Columna de Marisol García: David Lynch al oído

LYNCH

"Es importante recordar hoy, en la despedida, que aquello que llamamos lyncheano suponía también el aprecio a la tradición de la canción sureña estadounidense como clave de un tipo de convivencia cultural compartida, capaz de explicar, por ejemplo, el origen de un personaje a través de aquello que lo conmovía".



En el “Club Silencio” nada suena en vivo, aunque así lo parezca. “¡No hay banda!”, grita en tres idiomas el animador sobre el escenario, mientras de fondo se oyen un órgano, un clarinete y un trombón que en verdad no están ahí. Un trompetista hace como que toca, pero “es todo una cinta. Una… ilusión” se le advierte a la audiencia. Cierra el show la cantante Rebekah Del Rio (“La Llorona de Los Ángeles”) con una tan entregada versión a capella del “Crying” de Roy Orbison (traducida al castellano), que al fin cae desmayada antes de concluirla. Pero su voz sigue sonando. Llorando.
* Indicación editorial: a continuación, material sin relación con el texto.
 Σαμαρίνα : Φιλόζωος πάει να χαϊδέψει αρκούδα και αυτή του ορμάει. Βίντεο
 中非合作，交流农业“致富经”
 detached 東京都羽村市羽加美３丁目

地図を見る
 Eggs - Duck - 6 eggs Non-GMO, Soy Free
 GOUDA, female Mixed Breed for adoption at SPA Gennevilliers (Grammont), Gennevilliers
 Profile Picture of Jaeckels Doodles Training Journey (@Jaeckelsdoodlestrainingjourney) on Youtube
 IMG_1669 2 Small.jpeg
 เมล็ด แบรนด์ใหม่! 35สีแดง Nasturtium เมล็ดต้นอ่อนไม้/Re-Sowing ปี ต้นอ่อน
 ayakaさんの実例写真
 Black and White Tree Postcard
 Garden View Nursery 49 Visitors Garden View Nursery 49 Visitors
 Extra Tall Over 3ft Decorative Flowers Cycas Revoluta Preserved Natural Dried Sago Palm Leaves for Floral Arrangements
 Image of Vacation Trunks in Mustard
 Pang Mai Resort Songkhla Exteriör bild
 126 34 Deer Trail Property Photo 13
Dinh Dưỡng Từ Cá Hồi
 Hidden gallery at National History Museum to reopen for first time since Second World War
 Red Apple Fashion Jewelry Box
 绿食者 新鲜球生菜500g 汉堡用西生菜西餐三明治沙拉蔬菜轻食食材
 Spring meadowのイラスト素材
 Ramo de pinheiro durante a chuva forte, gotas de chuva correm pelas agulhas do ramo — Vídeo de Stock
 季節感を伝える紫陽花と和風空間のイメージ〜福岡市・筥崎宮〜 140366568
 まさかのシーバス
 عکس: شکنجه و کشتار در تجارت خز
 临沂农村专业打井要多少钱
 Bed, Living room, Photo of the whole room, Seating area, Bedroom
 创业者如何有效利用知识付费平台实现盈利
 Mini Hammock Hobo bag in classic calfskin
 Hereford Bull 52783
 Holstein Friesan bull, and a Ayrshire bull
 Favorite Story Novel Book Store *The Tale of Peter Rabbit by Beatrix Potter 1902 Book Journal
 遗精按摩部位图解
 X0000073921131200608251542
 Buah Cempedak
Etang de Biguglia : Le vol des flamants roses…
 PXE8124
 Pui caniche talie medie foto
Definió muchas veces David Lynch que el cine es “sonido e imagen moviéndose en simultáneo. No sé por qué no todos lo entienden así”. Aquel pasaje inolvidable en su filme Mulholland Drive (2001) es prueba de la impecable concatenación de códigos que el recién fallecido director volvió marca de estilo, y no solo en un sentido literal. Cineastas con buen gusto en soundtracks hay muchos. Incluso están los que, como Lynch, llegan a mostrar discos de composiciones propias, en paralelo a su filmografía. Pero nada de eso iguala la decisión creativa de darle a la música —y a lo sonoro, en general— la responsabilidad de un personaje, haciendo participar al oído de giros clave para la historia que se va contando. O, como en el ejemplo de arriba, asignándole a la escucha la tarea de traducir pistas que explican una trama mayor.

La alianza más conocida al respecto fue la que el cineasta estableció con Angelo Badalamenti, compositor neoyorquino a cargo de la mayoría de las bandas sonoras de sus películas (además de las de algunas series y comerciales a su cargo), en sintonía con la ambientación de misterio, irrealidad y suspenso que estas exigían. Pero es importante recordar hoy, en la despedida, que aquello que llamamos lyncheano suponía también el aprecio a la tradición de la canción sureña estadounidense como clave de un tipo de convivencia cultural compartida, capaz de explicar, por ejemplo, el origen de un personaje a través de aquello que lo conmovía. Esto es bastante obvio en Blue Velvet (1986), donde tanto la canción que le da título al filme —en la versión de Bobby Vinton, que era la que Lynch recordaba como su favorita en la adolescencia— como otra de Roy Orbison (“In dreams”) instalan un imbatible mood para sostener la película.

Pero está, también, en varios momentos de la serie Twin Peaks, en la cita a “The loco-motion” en una escena de Inland Empire (2006) o en sus varios cruces de colaboración con Chris Isaak (fue, de hecho, por Corazón salvaje que conocimos “Wicked game”), un cantautor californiano que resultaba afín a esa misma estética de nostalgia sombría y seductora que Lynch asociaba a momentos de la vida de su país particularmente sugerentes. A Lynch le gustaba demasiado la música popular como para reducirlo equivocadamente a un cine de supuesta evasión de la realidad. Sin buena música, Lula (Corazón salvaje) simplemente no puede seguir manejando su auto por la carretera. Y entonces grita: “¡No aguanto más esta radio! ¡Nunca en mi vida había escuchado tanta mierda! Sailor Ripley: ¡cónsígueme música ahora mismo! I mean it!”. Para qué seguir, si no.